Transcribe word for word each line from the one containing "Louis Vuitton Artsy MM" to the final line of the data, both included. Skip the pictures.

→ Given entries:

++++

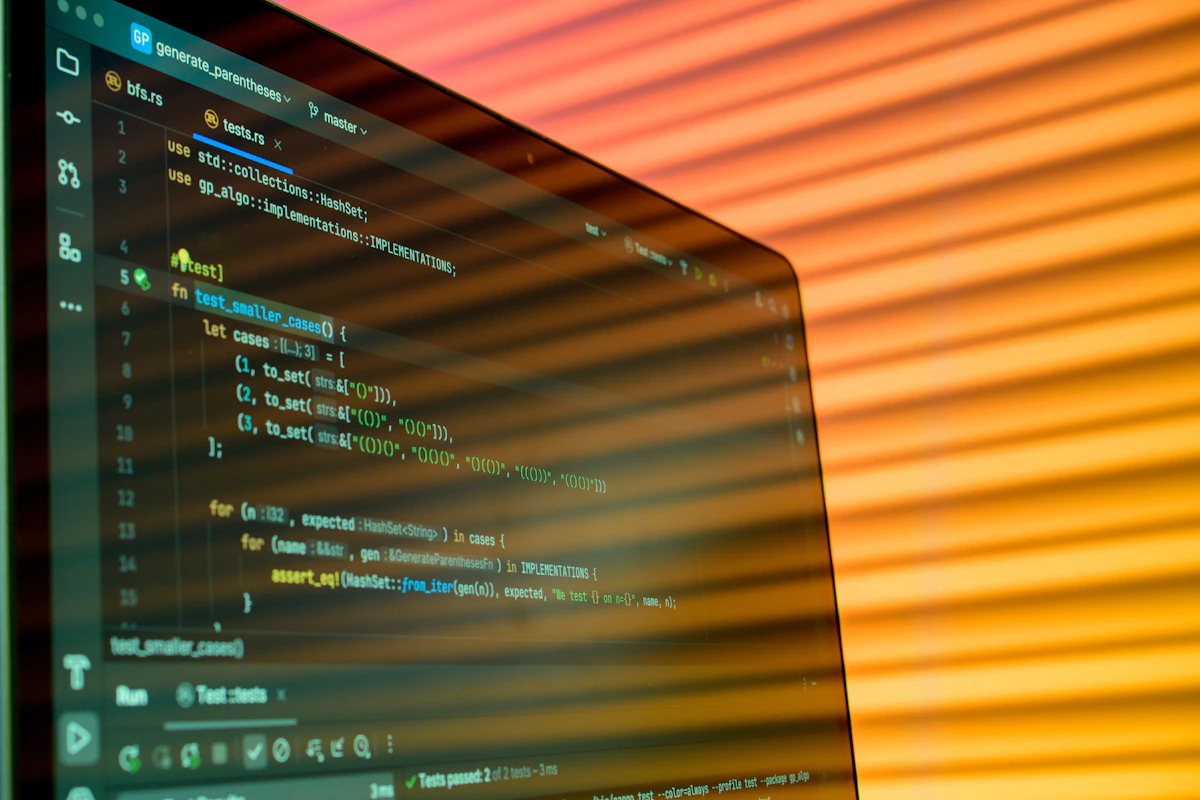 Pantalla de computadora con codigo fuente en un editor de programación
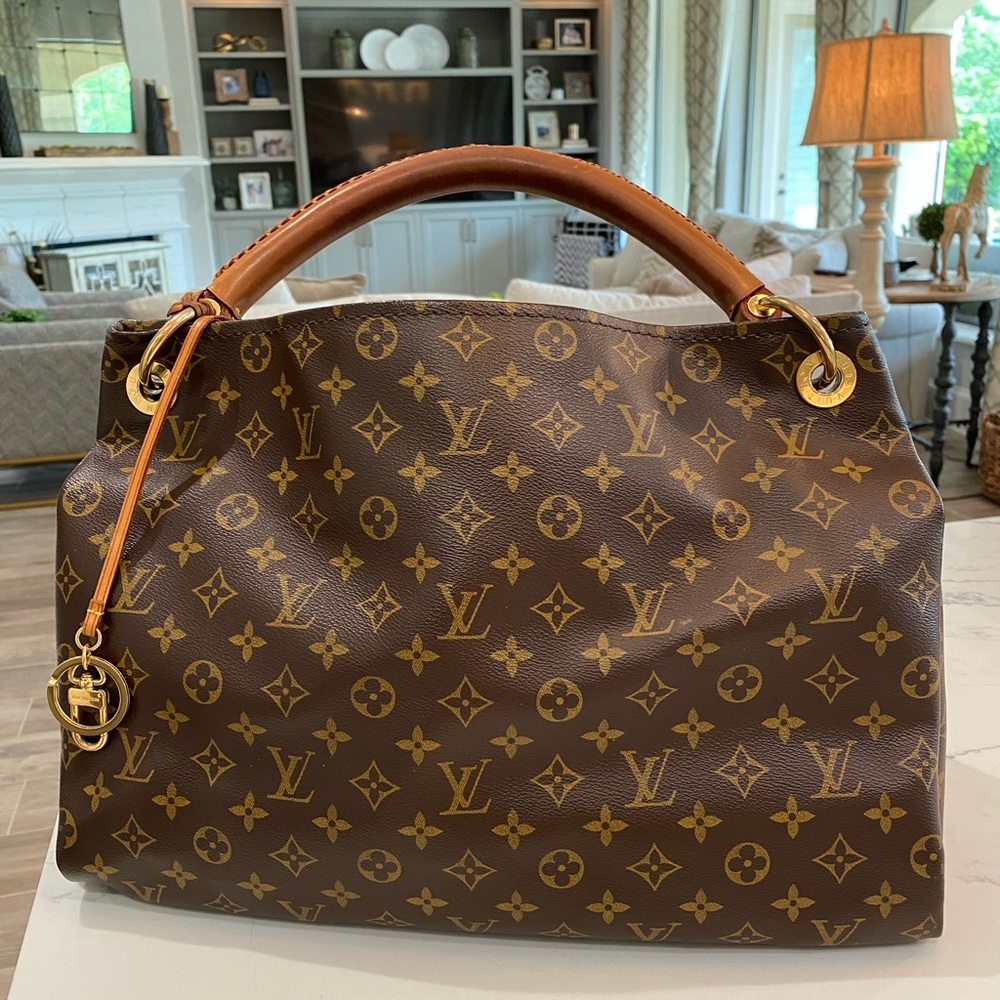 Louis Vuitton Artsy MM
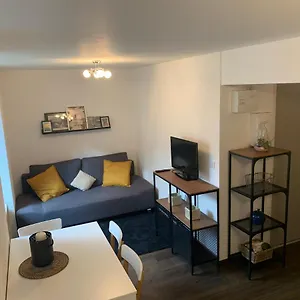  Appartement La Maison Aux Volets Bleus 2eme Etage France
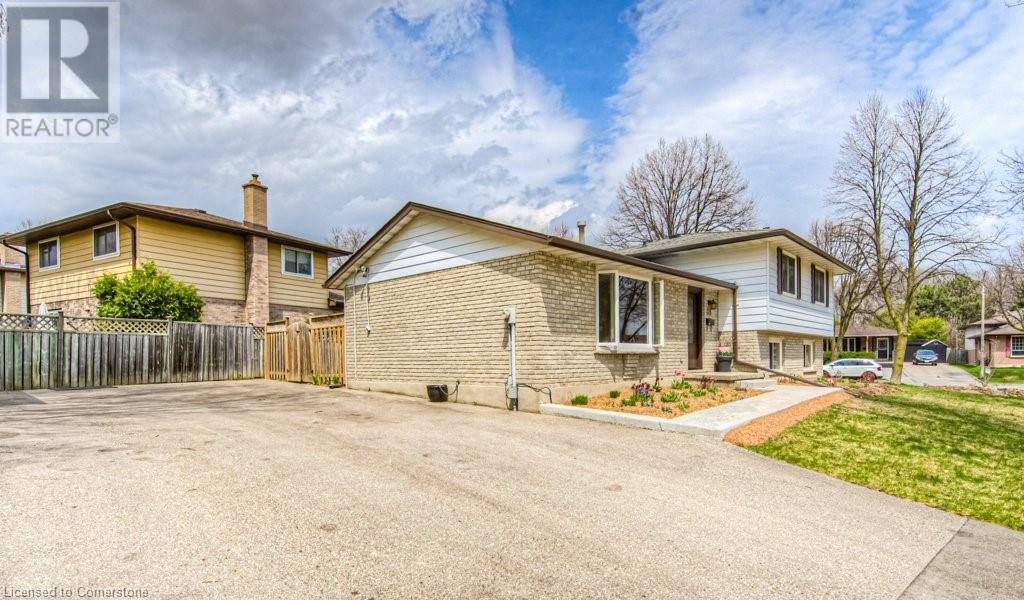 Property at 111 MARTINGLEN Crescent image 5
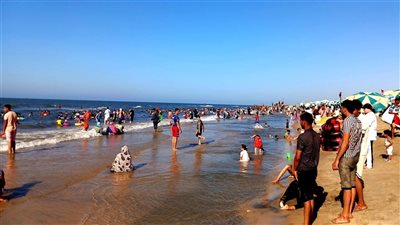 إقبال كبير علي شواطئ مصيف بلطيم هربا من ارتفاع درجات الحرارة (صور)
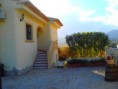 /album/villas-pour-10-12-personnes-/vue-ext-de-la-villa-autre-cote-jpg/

++++

→ Answer below:
 Louis Vuitton Artsy MM
  Appartement La Maison Aux Volets Bleus 2eme Etage France
 Property at 111 MARTINGLEN Crescent image 5
 إقبال كبير علي شواطئ مصيف بلطيم هربا من ارتفاع درجات الحرارة (صور)
 /album/villas-pour-10-12-personnes-/vue-ext-de-la-villa-autre-cote-jpg/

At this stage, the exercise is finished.